WHAT THE EXERCISE ASKS >> In the data below, find the line with "Magenta sweater skirt" and the line with "Nasi Daun Jeruk", then restate both and every line between them exactly, minus the pictures.

Segment Open

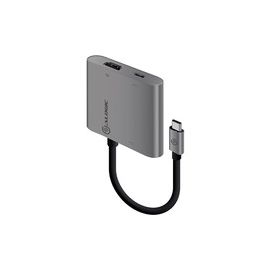 ALOGIC USB-C MULTIPORT ADAPTER WITH HDMI 4K/USB 3.0/USB-C WITH POWER DELIVERY (60W) - ALOGIC PLUS SERIES - SPACE GREY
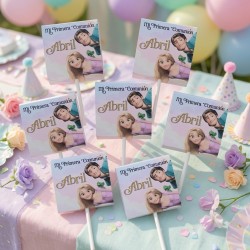 Piruleta Enredados Rapunzel | Dulce Regalo Temático Disney | Kalukuqui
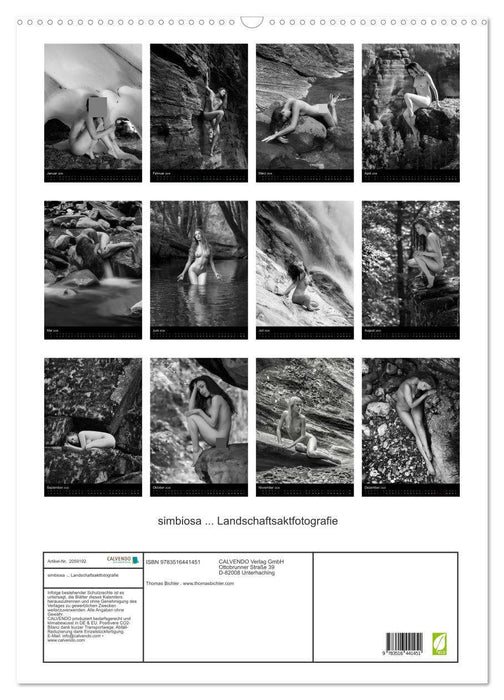 simbiosa ... Landschaftsaktfotografie (CALVENDO Wandkalender 2026)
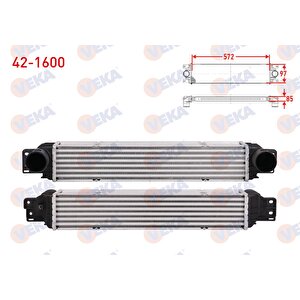 Turbo Radyatoru (intercooler) Chevrolet Captiva (c100) 2.0 D 4x4 2006-2012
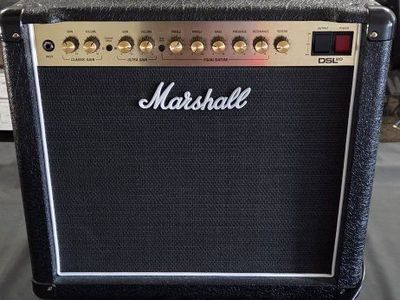 Marshall DSL20 tube amp with foot switch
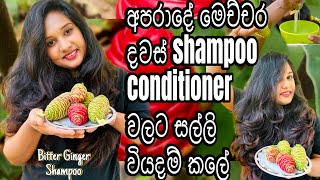 අපරාදේ shampooconditioner කඩෙන් ගන්නේ 🤦🏻‍♀️ හිස්සොරි‍කොණ්ඩේ යනවට‍කොණ්ඩේ වැවෙන්න 🫢🤔 vlog hair [upl. by Higley379]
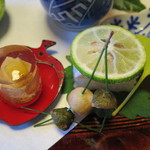 つる幸 - フォアグラとりんごのゼリー寄せ、零余子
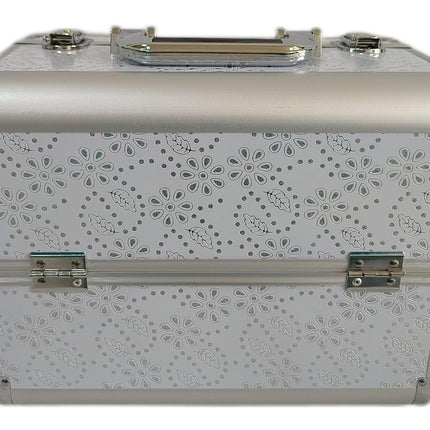 2023 new spot wholesale casual cosmetic case pvc manicure case two-layer large capacity portable cosmetic case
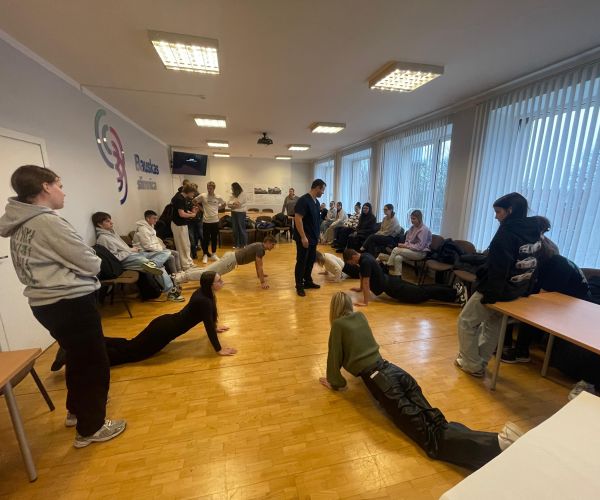 Bauskas slimnīcā viesojas 2. vidusskolas skolēni 3.12.2024.
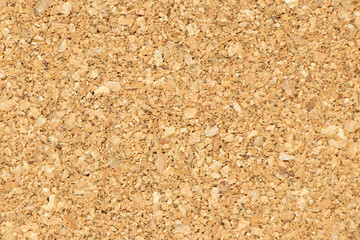 Closed up of blank cork board background with copy space. Use as corkboard texture.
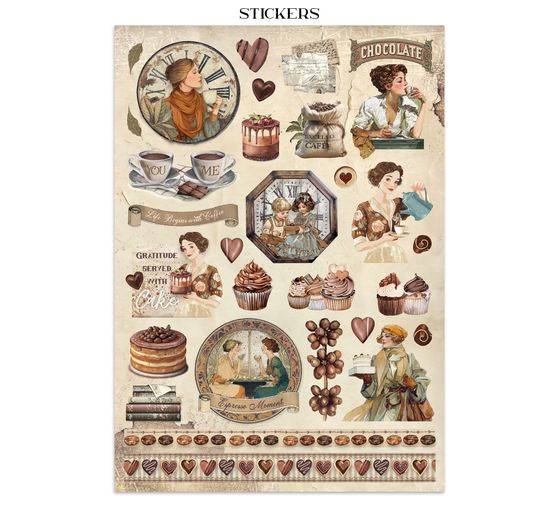 Junk Journal Book "Coffee and Chocolate"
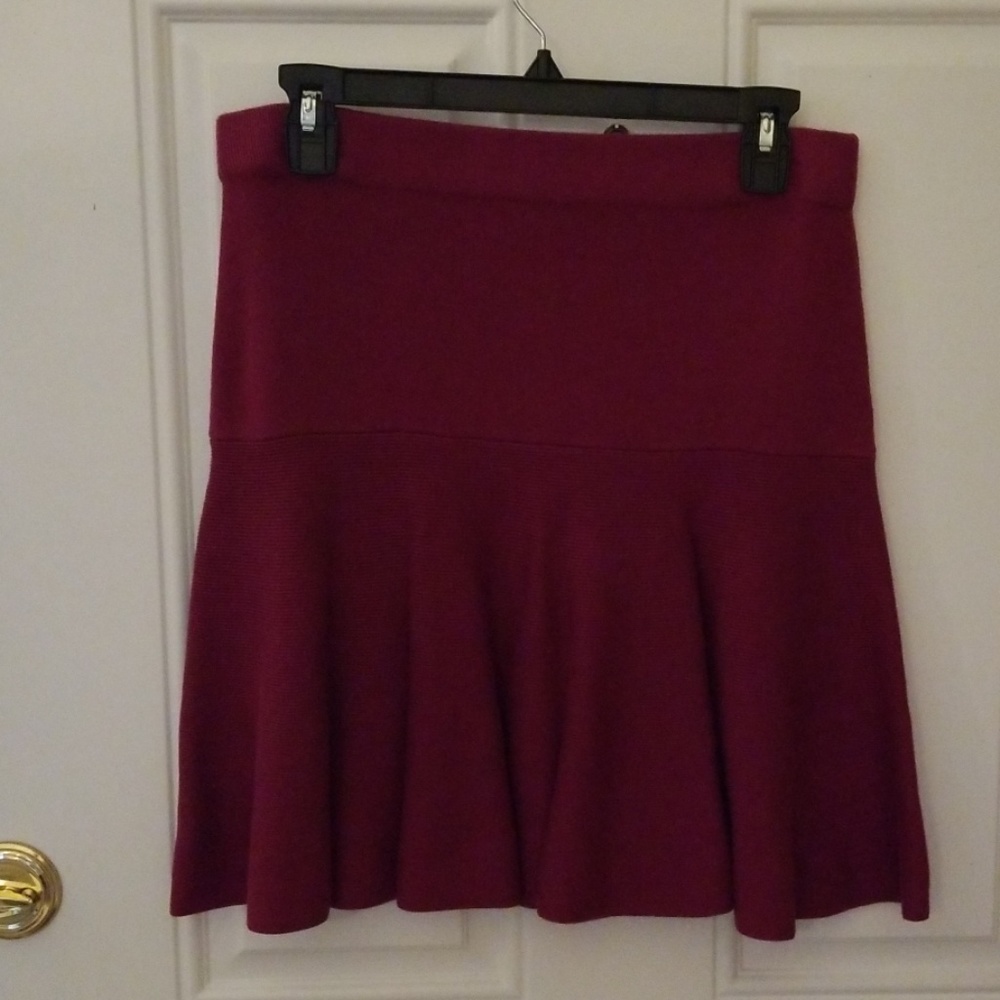 Magenta sweater skirt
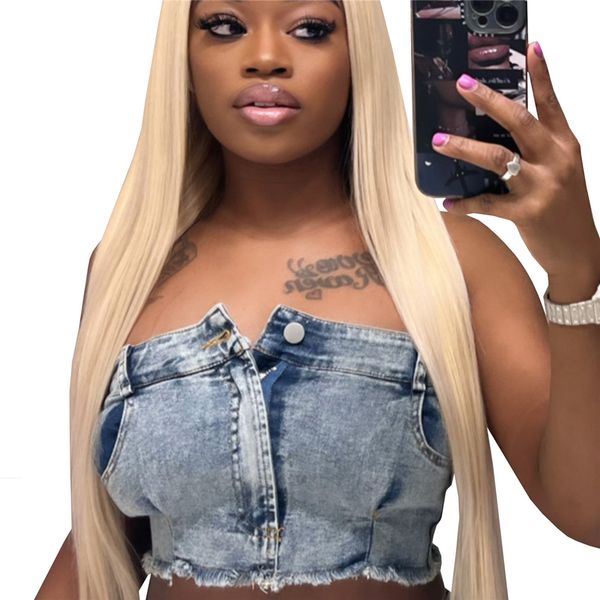2023 designer women's vests elastic denim tube summer y2k pant style sleeveless crop streetwear women clothing button zipper wholesale, Black;white
2023 designer women's vests elastic denim tube summer y2k pant style sleeveless crop streetwear women clothing button zipper wholesale, Black;white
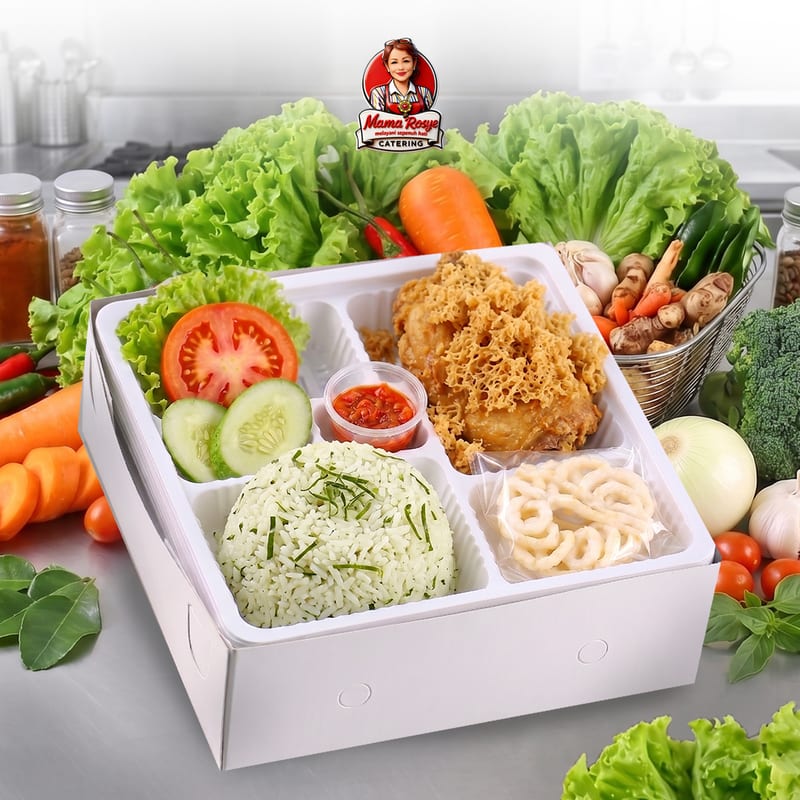 Nasi Daun Jeruk Ayam Goreng - catering Mama Rosye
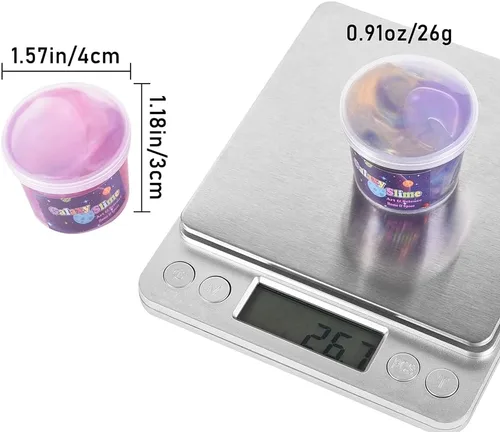 Miniatura 5 de Favores de Fiesta para Niños Kit de Slime Galaxia, Paquete de 30 Masilla Rica y Colorida a Granel, Lodo para Alivio del Estrés y la Ansiedad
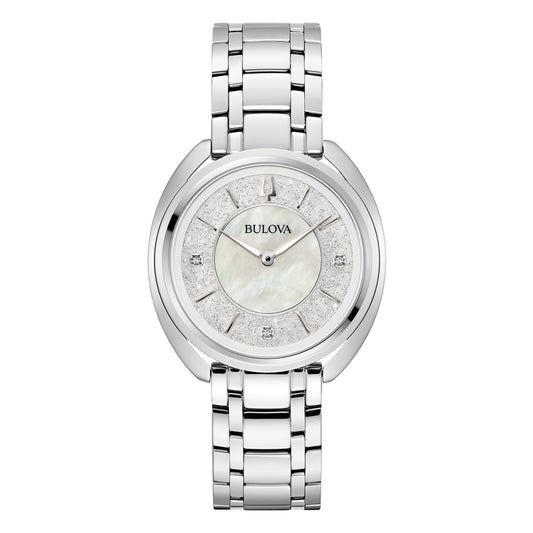 Bulova Ladies Silver-Tone Classic Watch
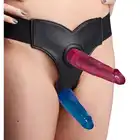 Lollicock - Skyler Strap On. Wytrzymała uprząż strap-on z podwójnymi otworami. Niesamowita opcja użycia dwóch dildo na raz!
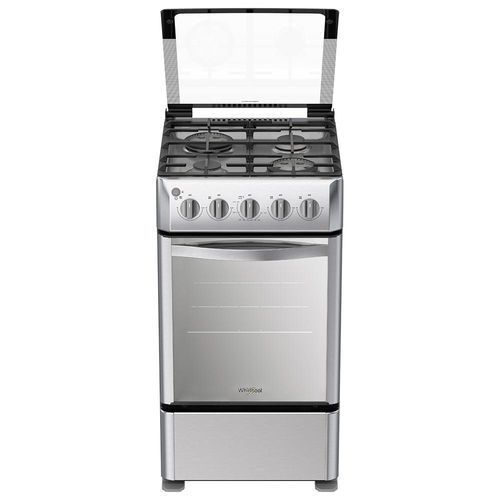 ESTUFA A GAS WHIRLPOOL 20" 4QUEM. C/TAPA ACERO IN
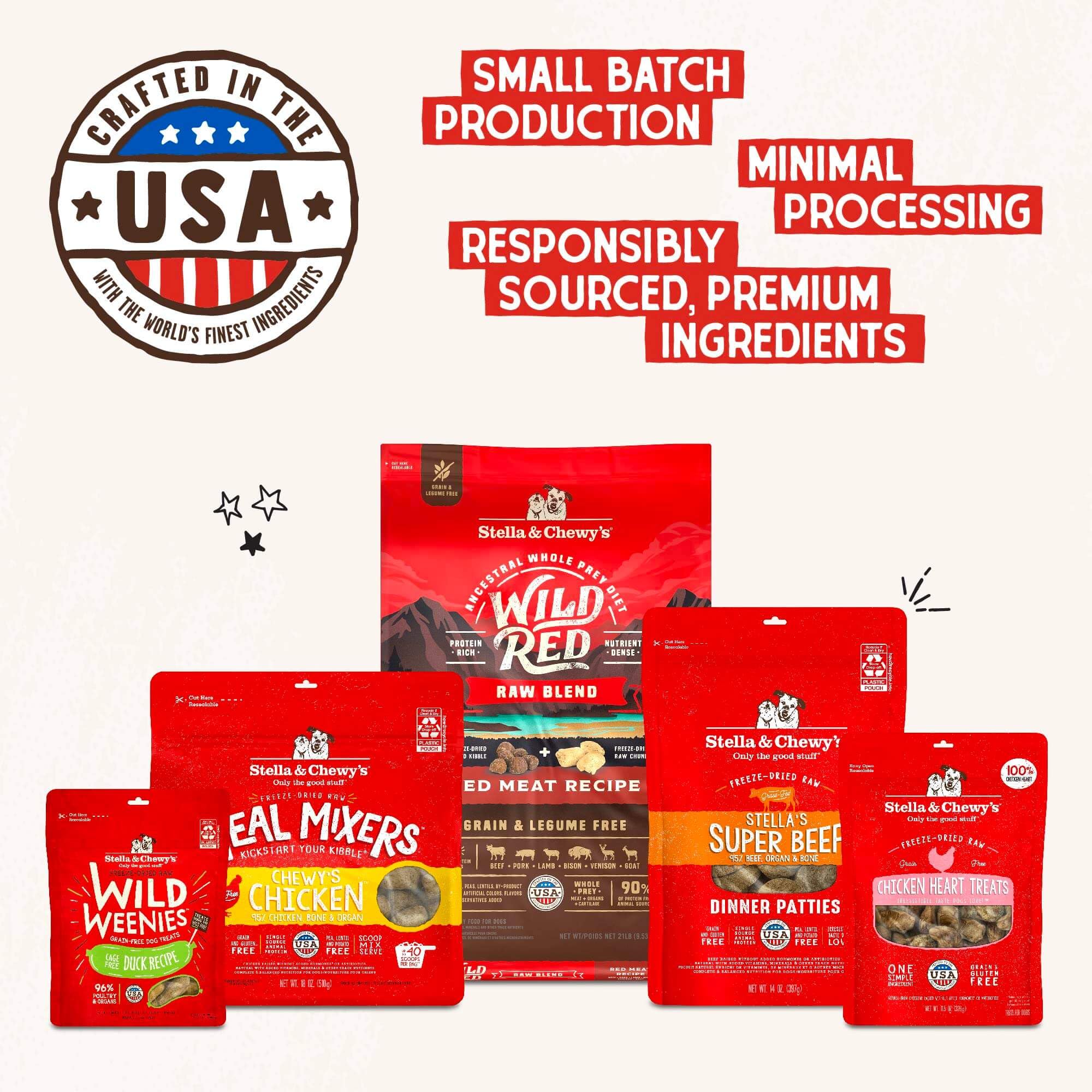 Stella & Chewys Stellas Shredrs Grass Fed Beef & Wild Caught Salmon Recipe in Broth, 2.8 oz Pouches (Pack of 24)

Segment Closed

TASK OUTPUT >>
 Magenta sweater skirt
2023 designer women's vests elastic denim tube summer y2k pant style sleeveless crop streetwear women clothing button zipper wholesale, Black;white
2023 designer women's vests elastic denim tube summer y2k pant style sleeveless crop streetwear women clothing button zipper wholesale, Black;white
 Nasi Daun Jeruk Ayam Goreng - catering Mama Rosye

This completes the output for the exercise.